Your instructions:
Print only the lines below from the one with "28.00ct natural Queensland" to the one with "Naklejka premium Young", both included, exactly as they stand. Leave pictures out.

Supplied material:
§ §

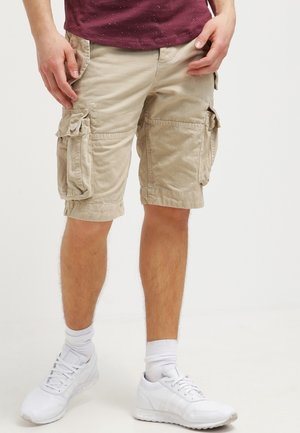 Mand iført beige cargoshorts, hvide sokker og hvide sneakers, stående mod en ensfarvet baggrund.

§ §

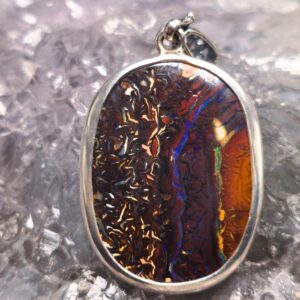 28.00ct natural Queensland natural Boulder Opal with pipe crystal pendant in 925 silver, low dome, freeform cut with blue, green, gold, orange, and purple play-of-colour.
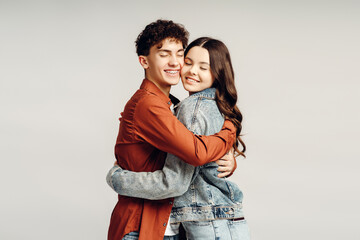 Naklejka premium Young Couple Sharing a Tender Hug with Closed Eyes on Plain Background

§ §

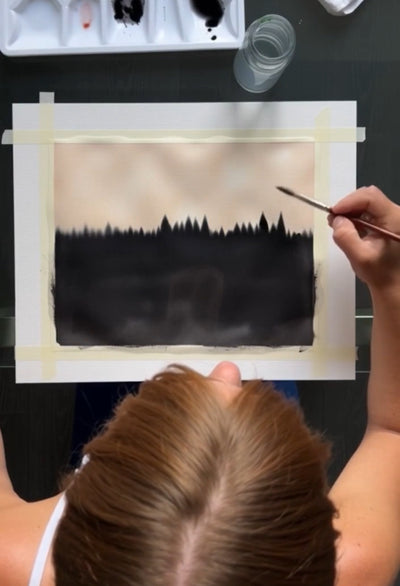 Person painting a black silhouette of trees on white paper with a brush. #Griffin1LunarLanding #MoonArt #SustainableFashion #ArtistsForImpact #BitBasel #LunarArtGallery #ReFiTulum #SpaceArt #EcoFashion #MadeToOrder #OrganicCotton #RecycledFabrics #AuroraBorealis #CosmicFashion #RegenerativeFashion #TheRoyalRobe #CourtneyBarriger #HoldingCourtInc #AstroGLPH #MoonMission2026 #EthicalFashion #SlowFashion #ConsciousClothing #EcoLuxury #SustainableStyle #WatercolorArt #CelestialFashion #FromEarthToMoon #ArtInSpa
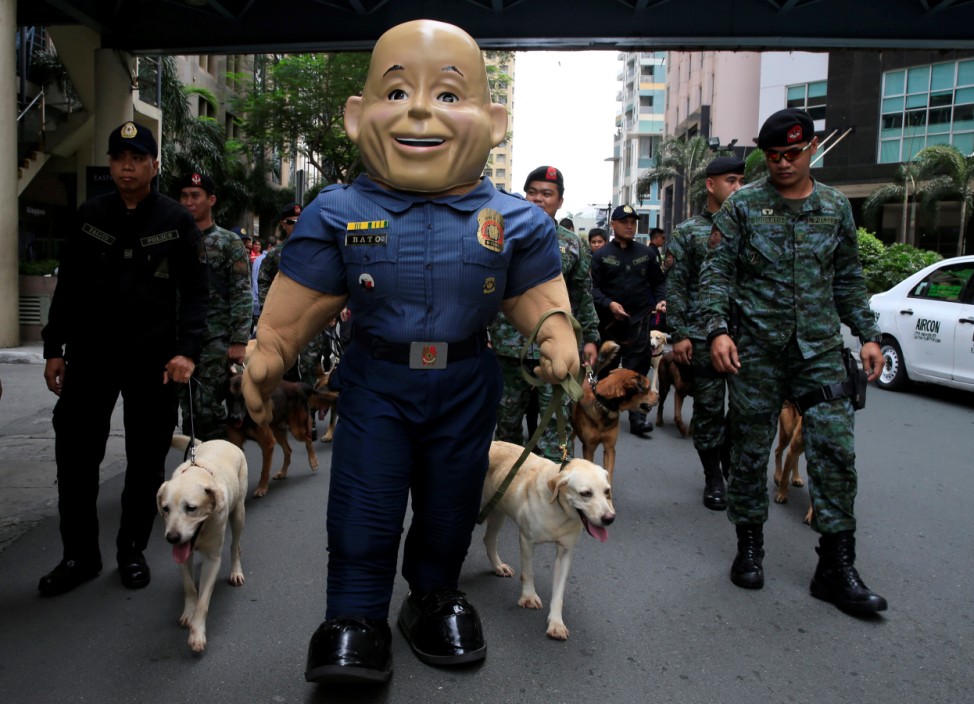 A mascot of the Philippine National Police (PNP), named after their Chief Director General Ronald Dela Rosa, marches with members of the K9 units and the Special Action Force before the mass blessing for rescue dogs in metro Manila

§ §

Solution to the exercise:
 28.00ct natural Queensland natural Boulder Opal with pipe crystal pendant in 925 silver, low dome, freeform cut with blue, green, gold, orange, and purple play-of-colour.
 Naklejka premium Young Couple Sharing a Tender Hug with Closed Eyes on Plain Background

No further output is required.